About this exercise
Starting with the line below that holds "Detail of four" and stopping after the line that holds "Kytara s hřednou", transcribe the lines exactly, leaving out all pictures.

The data
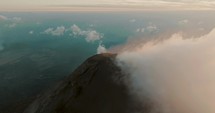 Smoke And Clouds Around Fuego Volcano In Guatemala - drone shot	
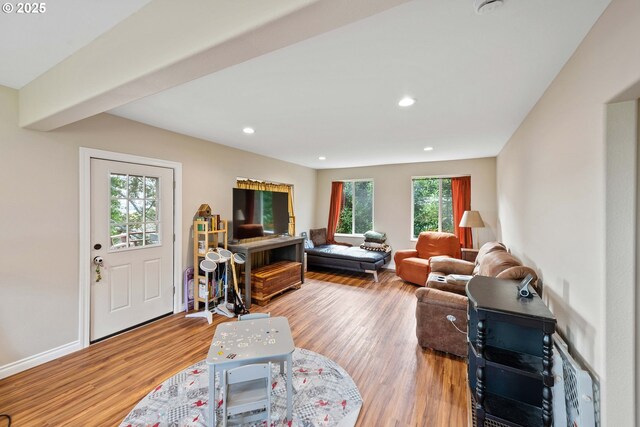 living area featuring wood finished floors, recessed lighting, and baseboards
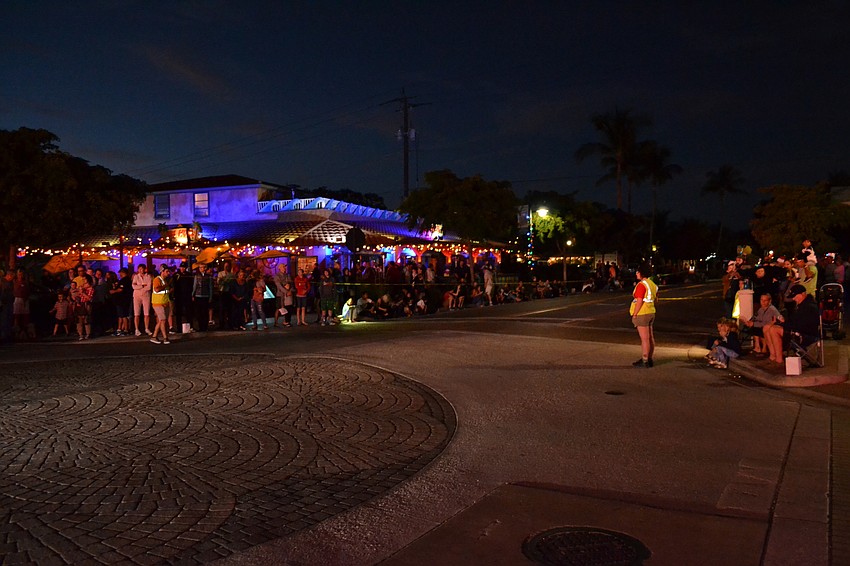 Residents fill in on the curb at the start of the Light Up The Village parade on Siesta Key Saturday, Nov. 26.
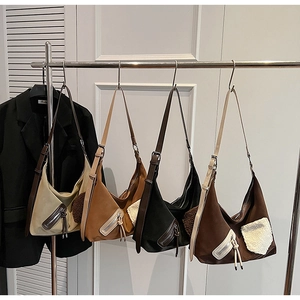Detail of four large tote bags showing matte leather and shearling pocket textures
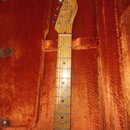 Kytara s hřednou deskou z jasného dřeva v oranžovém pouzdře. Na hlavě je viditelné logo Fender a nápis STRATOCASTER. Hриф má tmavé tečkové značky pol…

---

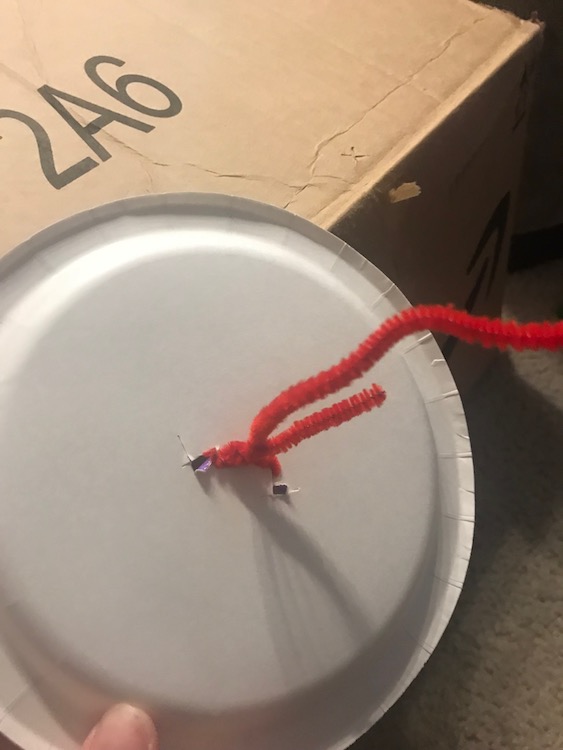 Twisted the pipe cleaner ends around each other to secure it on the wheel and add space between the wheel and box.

Your solution
Detail of four large tote bags showing matte leather and shearling pocket textures
 Kytara s hřednou deskou z jasného dřeva v oranžovém pouzdře. Na hlavě je viditelné logo Fender a nápis STRATOCASTER. Hриф má tmavé tečkové značky pol…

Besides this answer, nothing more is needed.